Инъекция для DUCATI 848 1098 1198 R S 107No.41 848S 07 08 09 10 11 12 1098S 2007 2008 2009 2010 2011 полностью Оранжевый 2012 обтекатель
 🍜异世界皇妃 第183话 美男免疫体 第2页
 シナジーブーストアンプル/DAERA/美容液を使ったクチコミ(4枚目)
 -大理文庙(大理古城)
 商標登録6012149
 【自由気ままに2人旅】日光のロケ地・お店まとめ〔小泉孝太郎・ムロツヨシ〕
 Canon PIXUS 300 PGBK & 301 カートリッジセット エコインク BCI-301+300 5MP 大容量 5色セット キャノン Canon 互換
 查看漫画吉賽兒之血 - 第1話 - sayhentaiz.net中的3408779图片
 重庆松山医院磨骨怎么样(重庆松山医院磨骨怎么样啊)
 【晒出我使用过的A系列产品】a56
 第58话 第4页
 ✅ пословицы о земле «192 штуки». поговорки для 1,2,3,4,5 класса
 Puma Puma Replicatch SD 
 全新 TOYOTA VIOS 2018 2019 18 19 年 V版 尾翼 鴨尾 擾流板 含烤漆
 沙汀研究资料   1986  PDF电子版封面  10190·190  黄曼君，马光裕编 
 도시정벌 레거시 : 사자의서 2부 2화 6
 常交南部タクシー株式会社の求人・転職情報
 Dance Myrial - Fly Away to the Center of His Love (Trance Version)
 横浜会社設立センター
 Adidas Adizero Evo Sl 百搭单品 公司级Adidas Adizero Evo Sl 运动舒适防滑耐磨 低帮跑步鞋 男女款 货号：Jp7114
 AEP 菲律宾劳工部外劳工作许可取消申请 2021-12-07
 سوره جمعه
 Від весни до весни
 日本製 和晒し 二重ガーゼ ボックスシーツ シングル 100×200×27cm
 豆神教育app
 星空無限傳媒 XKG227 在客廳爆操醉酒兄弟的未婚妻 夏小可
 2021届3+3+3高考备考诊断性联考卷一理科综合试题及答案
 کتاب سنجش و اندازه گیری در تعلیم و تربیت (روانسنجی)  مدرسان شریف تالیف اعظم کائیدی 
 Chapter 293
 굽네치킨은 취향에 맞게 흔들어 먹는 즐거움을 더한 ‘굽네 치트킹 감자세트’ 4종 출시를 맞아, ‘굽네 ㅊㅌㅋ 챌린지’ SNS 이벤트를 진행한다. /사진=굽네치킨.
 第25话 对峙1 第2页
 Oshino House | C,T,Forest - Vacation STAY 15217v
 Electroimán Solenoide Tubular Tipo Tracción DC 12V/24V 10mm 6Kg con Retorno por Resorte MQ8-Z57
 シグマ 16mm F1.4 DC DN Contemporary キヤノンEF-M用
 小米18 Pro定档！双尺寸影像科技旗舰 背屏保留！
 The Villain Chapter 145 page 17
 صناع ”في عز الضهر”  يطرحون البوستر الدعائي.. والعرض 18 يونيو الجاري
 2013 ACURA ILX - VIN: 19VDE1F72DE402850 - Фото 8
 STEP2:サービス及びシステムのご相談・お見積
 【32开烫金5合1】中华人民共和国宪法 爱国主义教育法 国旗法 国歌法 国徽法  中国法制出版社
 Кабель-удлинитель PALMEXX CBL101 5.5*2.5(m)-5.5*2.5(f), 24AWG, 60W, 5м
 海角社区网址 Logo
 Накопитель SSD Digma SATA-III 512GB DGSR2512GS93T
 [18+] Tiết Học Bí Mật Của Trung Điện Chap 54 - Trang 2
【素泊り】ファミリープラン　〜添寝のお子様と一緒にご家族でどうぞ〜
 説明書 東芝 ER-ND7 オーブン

^^^^

The records above need to be transcribed in full. Keep every character unchanged.

**Written response:**
Инъекция для DUCATI 848 1098 1198 R S 107No.41 848S 07 08 09 10 11 12 1098S 2007 2008 2009 2010 2011 полностью Оранжевый 2012 обтекатель
 🍜异世界皇妃 第183话 美男免疫体 第2页
 シナジーブーストアンプル/DAERA/美容液を使ったクチコミ(4枚目)
 -大理文庙(大理古城)
 商標登録6012149
 【自由気ままに2人旅】日光のロケ地・お店まとめ〔小泉孝太郎・ムロツヨシ〕
 Canon PIXUS 300 PGBK & 301 カートリッジセット エコインク BCI-301+300 5MP 大容量 5色セット キャノン Canon 互換
 查看漫画吉賽兒之血 - 第1話 - sayhentaiz.net中的3408779图片
 重庆松山医院磨骨怎么样(重庆松山医院磨骨怎么样啊)
 【晒出我使用过的A系列产品】a56
 第58话 第4页
 ✅ пословицы о земле «192 штуки». поговорки для 1,2,3,4,5 класса
 Puma Puma Replicatch SD 
 全新 TOYOTA VIOS 2018 2019 18 19 年 V版 尾翼 鴨尾 擾流板 含烤漆
 沙汀研究资料   1986  PDF电子版封面  10190·190  黄曼君，马光裕编 
 도시정벌 레거시 : 사자의서 2부 2화 6
 常交南部タクシー株式会社の求人・転職情報
 Dance Myrial - Fly Away to the Center of His Love (Trance Version)
 横浜会社設立センター
 Adidas Adizero Evo Sl 百搭单品 公司级Adidas Adizero Evo Sl 运动舒适防滑耐磨 低帮跑步鞋 男女款 货号：Jp7114
 AEP 菲律宾劳工部外劳工作许可取消申请 2021-12-07
 سوره جمعه
 Від весни до весни
 日本製 和晒し 二重ガーゼ ボックスシーツ シングル 100×200×27cm
 豆神教育app
 星空無限傳媒 XKG227 在客廳爆操醉酒兄弟的未婚妻 夏小可
 2021届3+3+3高考备考诊断性联考卷一理科综合试题及答案
 کتاب سنجش و اندازه گیری در تعلیم و تربیت (روانسنجی)  مدرسان شریف تالیف اعظم کائیدی 
 Chapter 293
 굽네치킨은 취향에 맞게 흔들어 먹는 즐거움을 더한 ‘굽네 치트킹 감자세트’ 4종 출시를 맞아, ‘굽네 ㅊㅌㅋ 챌린지’ SNS 이벤트를 진행한다. /사진=굽네치킨.
 第25话 对峙1 第2页
 Oshino House | C,T,Forest - Vacation STAY 15217v
 Electroimán Solenoide Tubular Tipo Tracción DC 12V/24V 10mm 6Kg con Retorno por Resorte MQ8-Z57
 シグマ 16mm F1.4 DC DN Contemporary キヤノンEF-M用
 小米18 Pro定档！双尺寸影像科技旗舰 背屏保留！
 The Villain Chapter 145 page 17
 صناع ”في عز الضهر”  يطرحون البوستر الدعائي.. والعرض 18 يونيو الجاري
 2013 ACURA ILX - VIN: 19VDE1F72DE402850 - Фото 8
 STEP2:サービス及びシステムのご相談・お見積
 【32开烫金5合1】中华人民共和国宪法 爱国主义教育法 国旗法 国歌法 国徽法  中国法制出版社
 Кабель-удлинитель PALMEXX CBL101 5.5*2.5(m)-5.5*2.5(f), 24AWG, 60W, 5м
 海角社区网址 Logo
 Накопитель SSD Digma SATA-III 512GB DGSR2512GS93T
 [18+] Tiết Học Bí Mật Của Trung Điện Chap 54 - Trang 2
【素泊り】ファミリープラン　〜添寝のお子様と一緒にご家族でどうぞ〜
 説明書 東芝 ER-ND7 オーブン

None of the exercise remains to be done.